It is true that of the world's soothing sounds, the chuckle of cool water tumbling over rocks in a fast-flowing trout stream may be most soothing of all. And it's undeniable that a deep and satisfying sleep coddled us both in Mike Evans's little rental cottage alongside the Savage, where the river purls and glides just beyond the sliding screen doors.
But except for the song of the creek it was mighty quiet--too quiet, as John Wayne used to say.
Evans, a Gaithersburg consultant escaping the Beltway rat race before cares and congestion do him in, recently bought three streamside dwellings along the Savage from elderly widows. He's poured his time and money into refurbishing them, hoping to lure more Washington area flyrodders to both the Savage and nearby North Branch, where big rainbow and brown trout are known to lurk.
Sheppard dragged me up with promises of glorious fall fishing but it was all lies. But for one lucky cast late in the day, I could easily have come home with the stink of skunk all over me. As with everything, it was all in the timing.
Autumn is supposed to be prime time for the North Branch in particular as big browns move downstream from around the dam at Jennings Randolph Reservoir to carve out spawning redds on the rocky bottom, accompanied by plump rainbows hoping to gobble some brown-trout eggs. Six- and eight-pound fish are not uncommon in the fall, according to local lore, and they're generally hungry as they fatten up for the winter.

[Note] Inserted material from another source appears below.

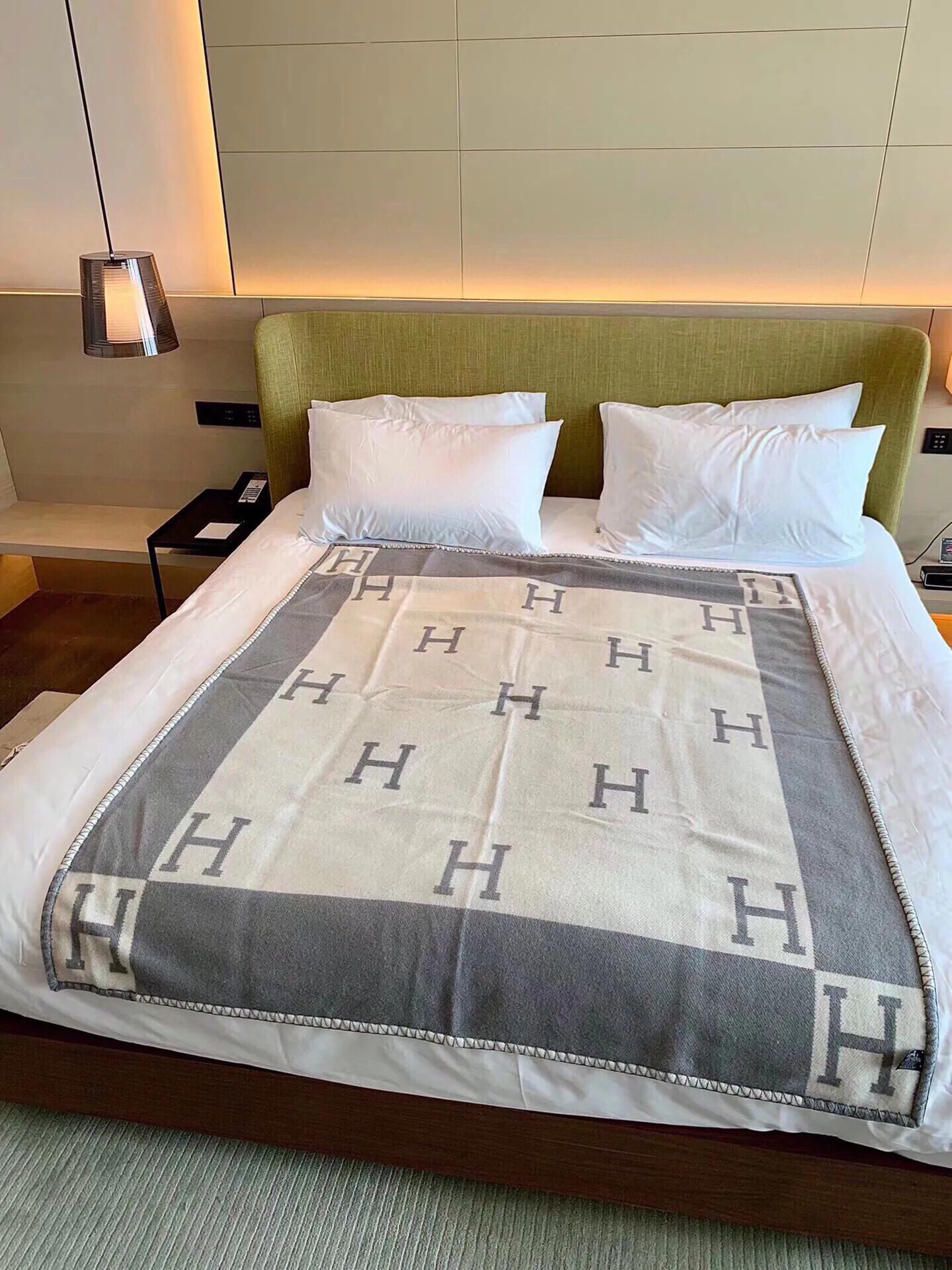 Textiles HERMES 18002672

Autumn comes early in the high country, but we jumped the gun by arriving at the end of August. "Mid-September to early November is best," counseled Harold Harsh, who guides flyrodders here through his company, Spring Creek Outfitters. "I'd say the height is usually around the middle of October, just after the leaves come down."
Which put us two to six weeks early for the fall bonanza. Oh, well, no one's perfect. The early visit gave us a chance to scout hotspots to return to later, and there are worse ways to spend an August evening than on a streamside porch sipping Wild Turkey under the stars, telling lies while the river burbles along.
The Savage and the North Branch are tailwater fisheries, with cool water flowing from the base of reservoir dams upstream to keep the trout chilled and frisky year-round. The smaller Savage below Savage Reservoir has been productive catch-and-release trout water for many years, while the North Branch is newly minted, the beneficiary of massive improvements in water quality since the dam was completed in 1982.
Harsh, a Garrett County native, was among the first to start guiding there 12 years ago, when the first North Branch stocked trout began to mature. The 10-mile stretch of river above and below Bloomington has grown steadily in stature since as trout blossomed in the clear water, which only 25 years ago was lifeless from unchecked acid mine drainage.